*** Begin section ***

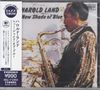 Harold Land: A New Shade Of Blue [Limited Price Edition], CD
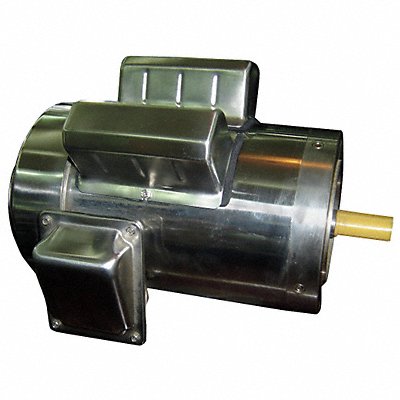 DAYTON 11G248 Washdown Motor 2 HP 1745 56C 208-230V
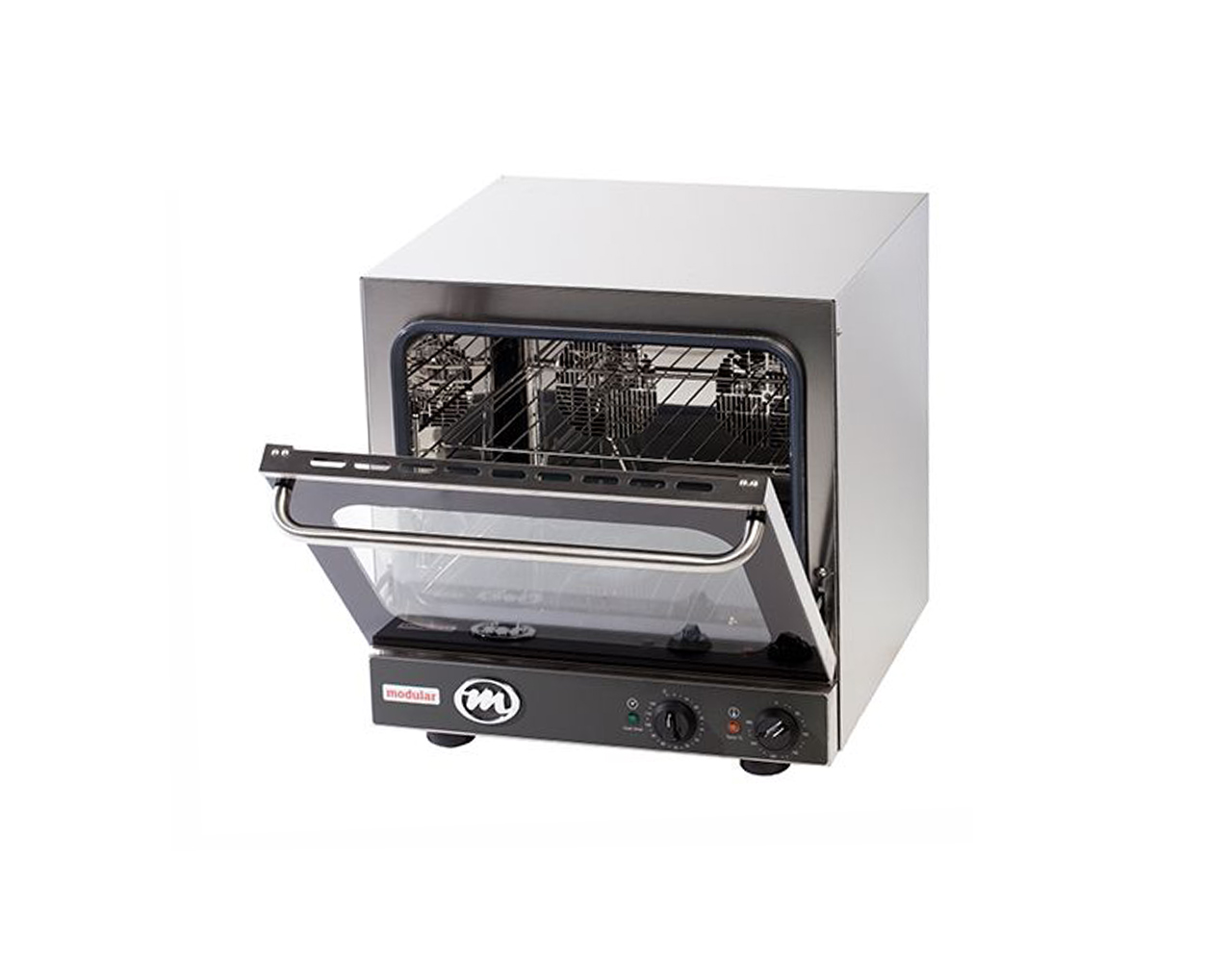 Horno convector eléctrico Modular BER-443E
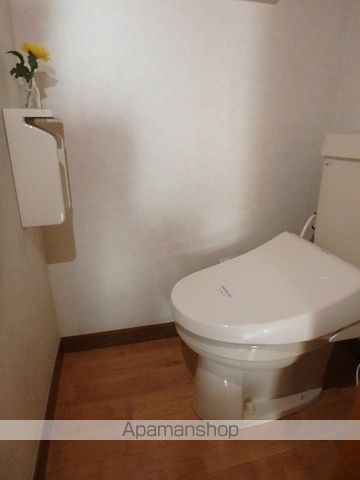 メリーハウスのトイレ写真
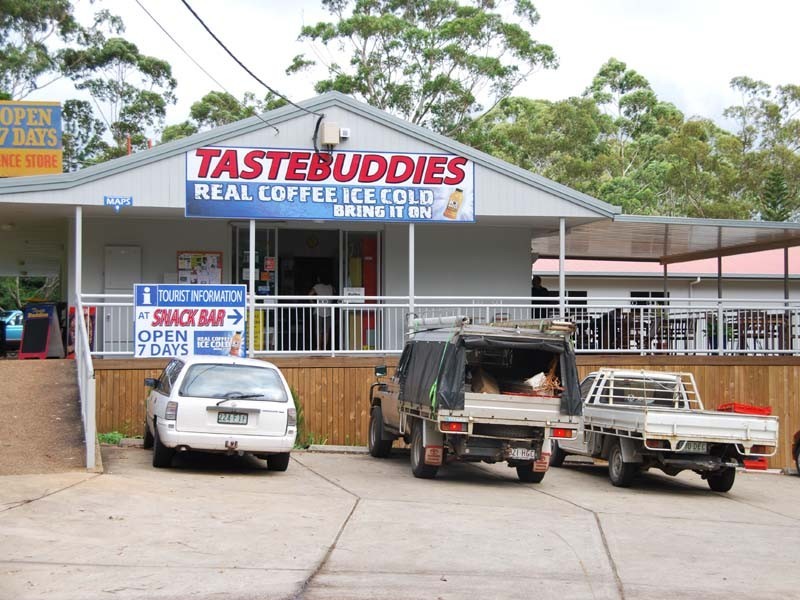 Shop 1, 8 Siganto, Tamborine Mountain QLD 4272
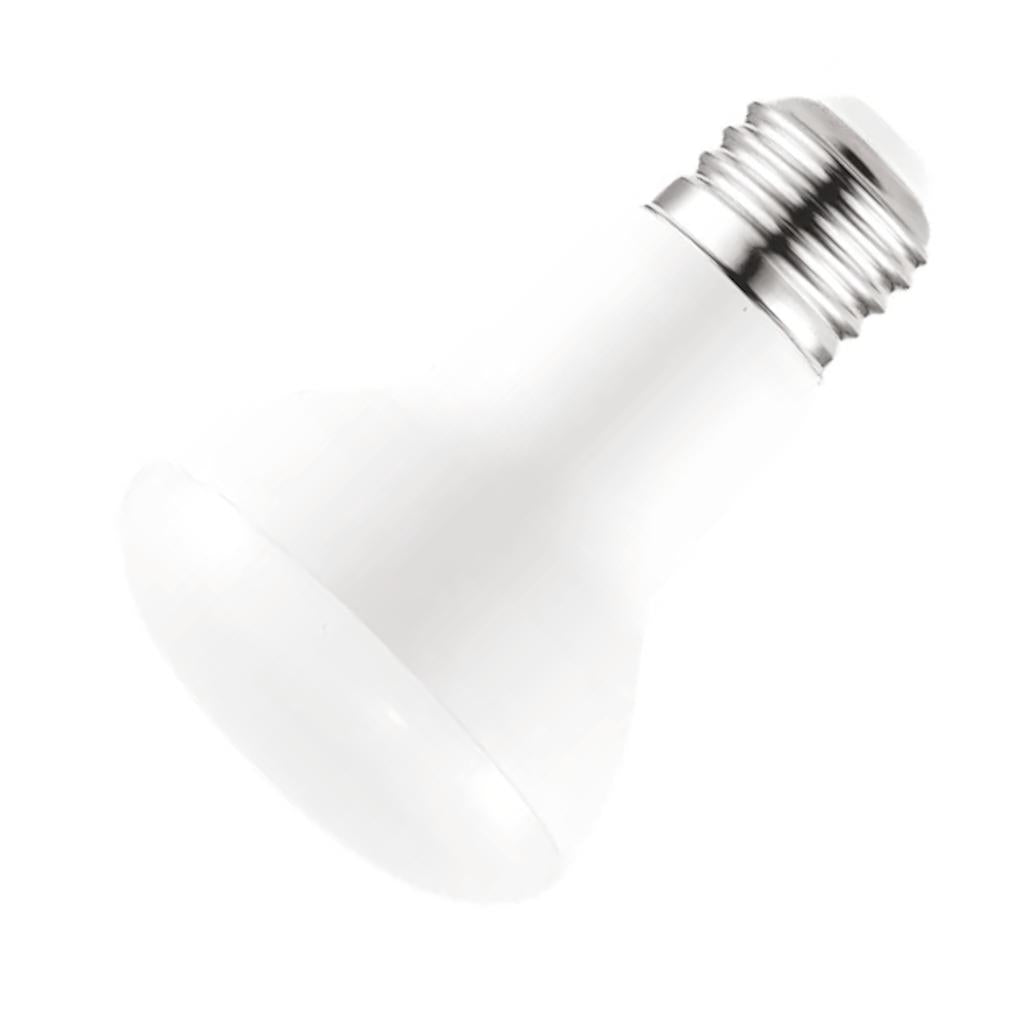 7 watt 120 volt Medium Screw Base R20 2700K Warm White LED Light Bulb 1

*** End section ***

WHAT IS BEING ASKED. A verbatim copy of every record above is required, with all pictures omitted.

COMPLETED TASK.
 Harold Land: A New Shade Of Blue [Limited Price Edition], CD
 DAYTON 11G248 Washdown Motor 2 HP 1745 56C 208-230V
 Horno convector eléctrico Modular BER-443E
 メリーハウスのトイレ写真
 Shop 1, 8 Siganto, Tamborine Mountain QLD 4272
 7 watt 120 volt Medium Screw Base R20 2700K Warm White LED Light Bulb 1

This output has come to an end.